Das ist wohl der Hintergrund. Dann sollte man von der Bahn aus auch so ehrlich sein und das den Kunden so sagen und ihnen nicht ein X für ein U vormachen wollen.

Zweitens: Meine Damen und Herren, egal, was wir unternehmen, zum Fahrplanwechsel 2001 wird überhaupt nichts passieren, außer dass die Züge wegfallen, weil niemand in der Lage ist, von jetzt bis zum Juni 2001 überhaupt Material zur Verfügung zu stellen, damit in irgendeiner Form Ersatz geschaffen werden kann.
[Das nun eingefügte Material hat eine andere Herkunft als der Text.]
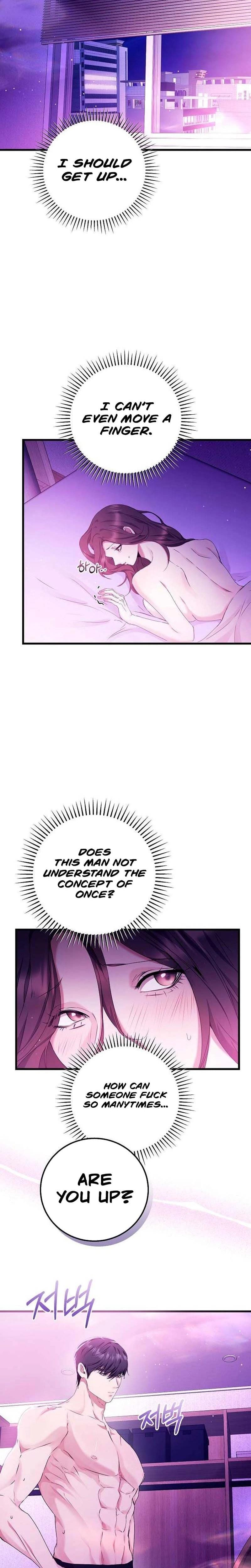 To You, Who Isn't Kind Uncensored, chapter 18, page 11 of 24
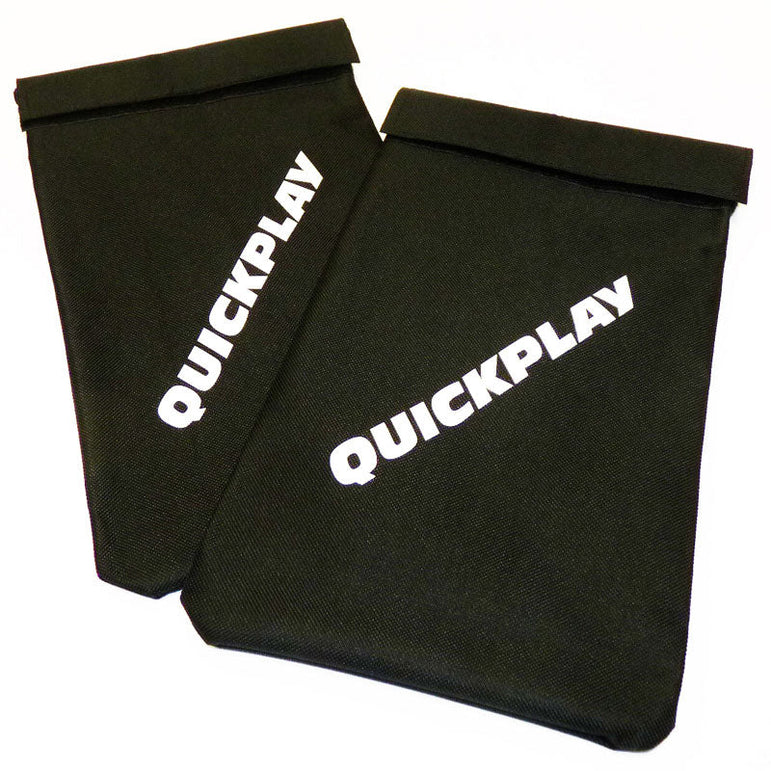 10lbs Sandbag Goal Weight (set of 2) - QUICKPLAY - instructions Kickster portable ship8 Soccer Soccer Coach Soccer Training Weight & Fixings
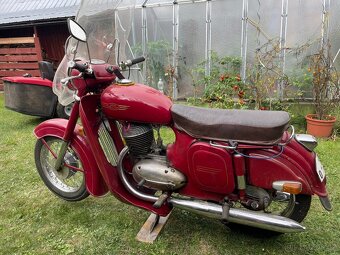 Jawa 250/559 s TP - 3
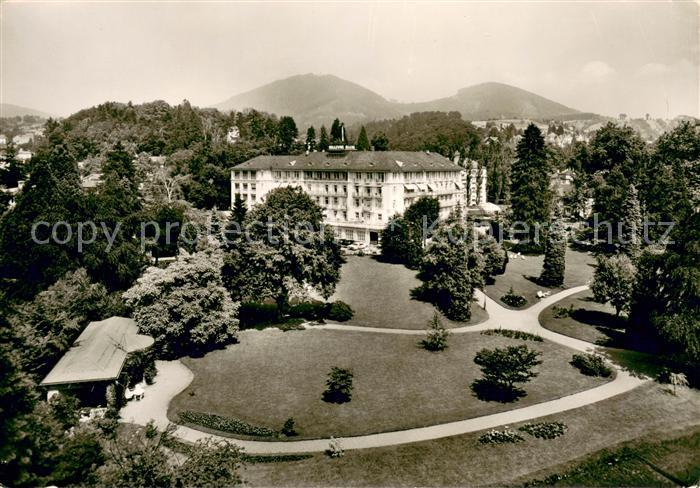 BADEN-BADEN BW Hotel Bellevue Park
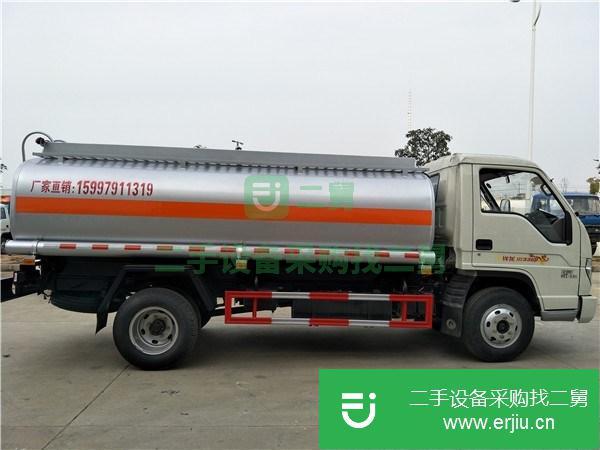 上海出售二手8噸油罐車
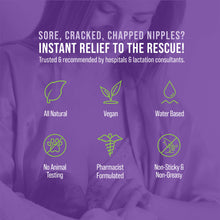 Load image into Gallery viewer, Nipple Care Gel 30mL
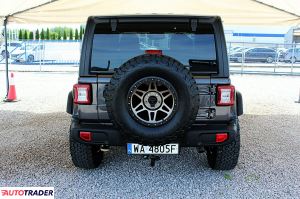 Jeep Wrangler 2025 2.0 272 KM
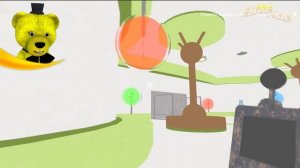 Набнаб Найден  Детсад БанБана 8 Взлом Garten of Banban 8: Anti Devil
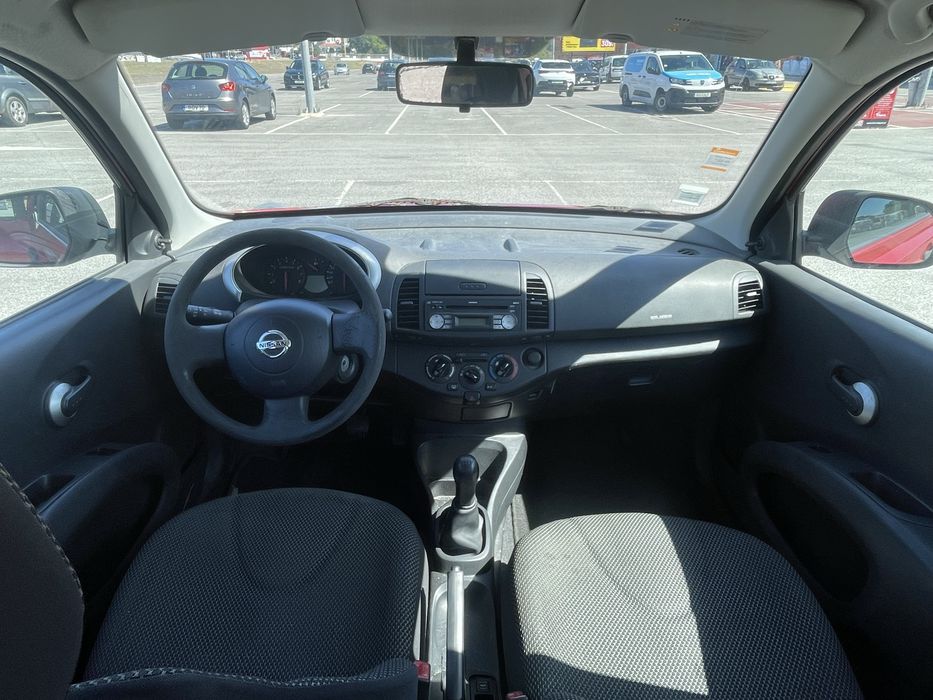 Nissan Micra 1.2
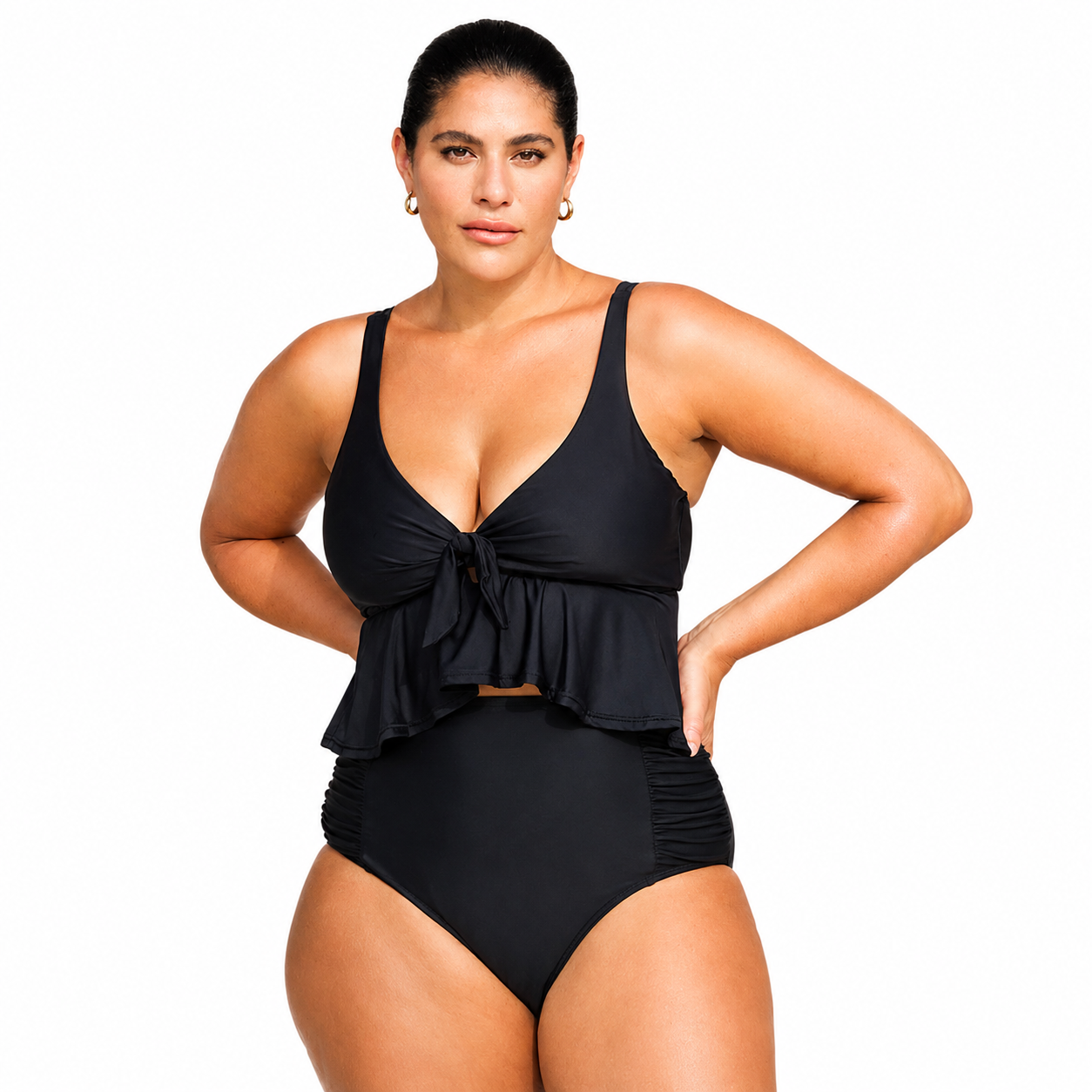 Hues Chagall Bikini Top by Artesands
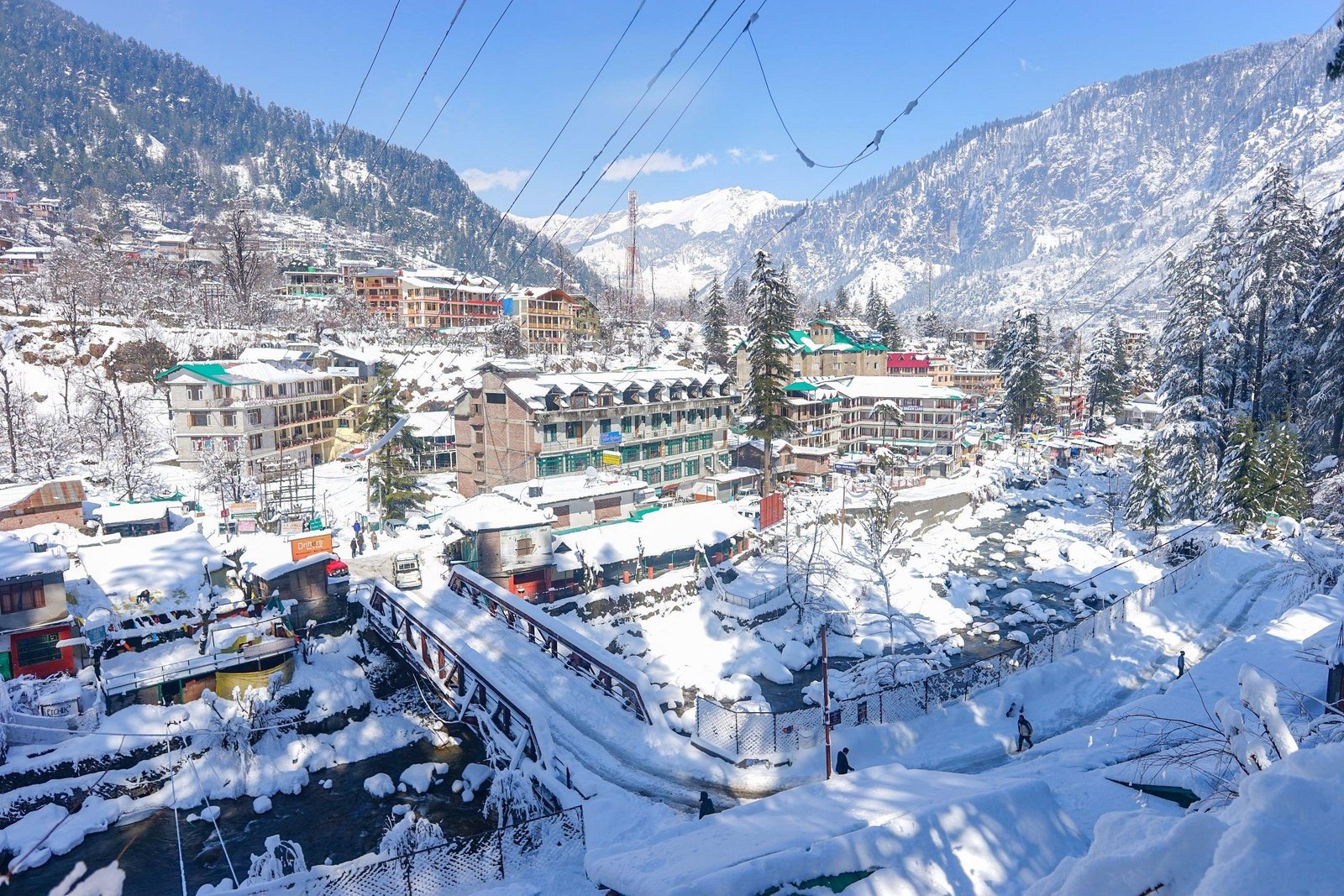 Delhi To Shimla Taxi – Nagar Tour and Travel cab for Shimla, Kufri and Manali trips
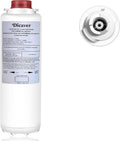 51300C Filters 9", Replacement for Elkay 51300C EWF3000 Filter NSF/ANSI 42 Certified, Compatible with Ezh2o Filter Replacement Bottle Stations,High Capacity 51300C 3000 Gallon (No Chip)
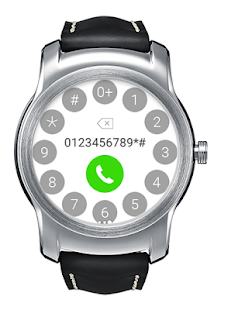 LG Call for Android Wear (Will Closed) Screenshot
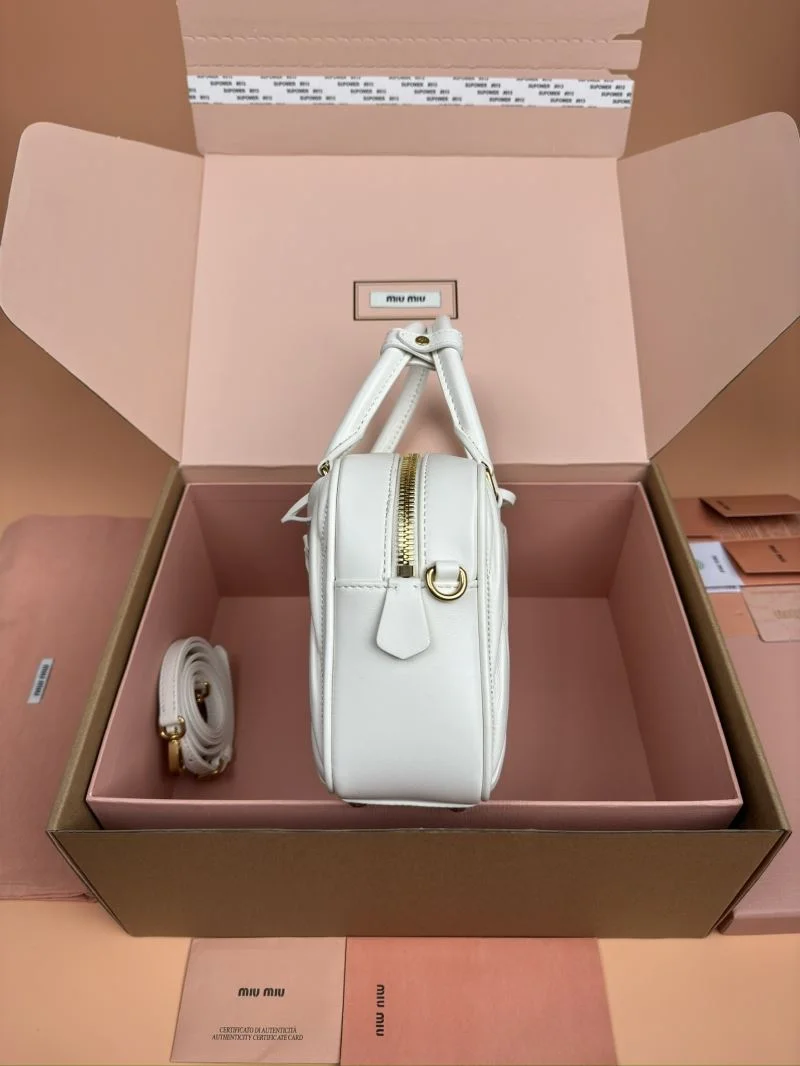 Miu Miu Top Handle Bags GoodFit 55907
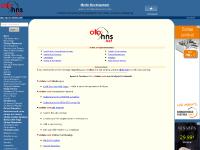 otohns.net Head & Neck Oncology, Laryngology, Otology / Neurotology otohns.net Head & Neck Oncology, Laryngology, Otology / Neurotology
Wer Ihnen etwas anderes sagt, der macht Ihnen, glaube ich, wieder ein X für ein U vor.

Dritte Bemerkung, die ich machen wollte, und zwar an Herrn Fischer von der SPD und an einen Teil der Grünen: Die haben gesagt: Das Land bekommt 500 Millionen DM Regionalisierungsmittel im Jahr mehr, als ihm unbedingt zustehen; nehmt einen Teil dieses Geldes und schafft den Ersatz. Meine sehr verehrten Damen und Herren, ich habe

immer noch gemeint, unsere Aufgabe hier sei in erster Linie, Interessen von Baden-Württemberg zu vertreten.

(Beifall bei der CDU und des Abg. Kleinmann FDP/DVP)

Das ist alles andere, als baden-württembergische Interessen zu vertreten; denn das würde bedeuten, dass wir einen Teil des Nahverkehrs, den wir bisher mit den 500 Millionen DM durchführen, entfallen lassen müssten, um dafür Ersatz für Interregios zu finanzieren.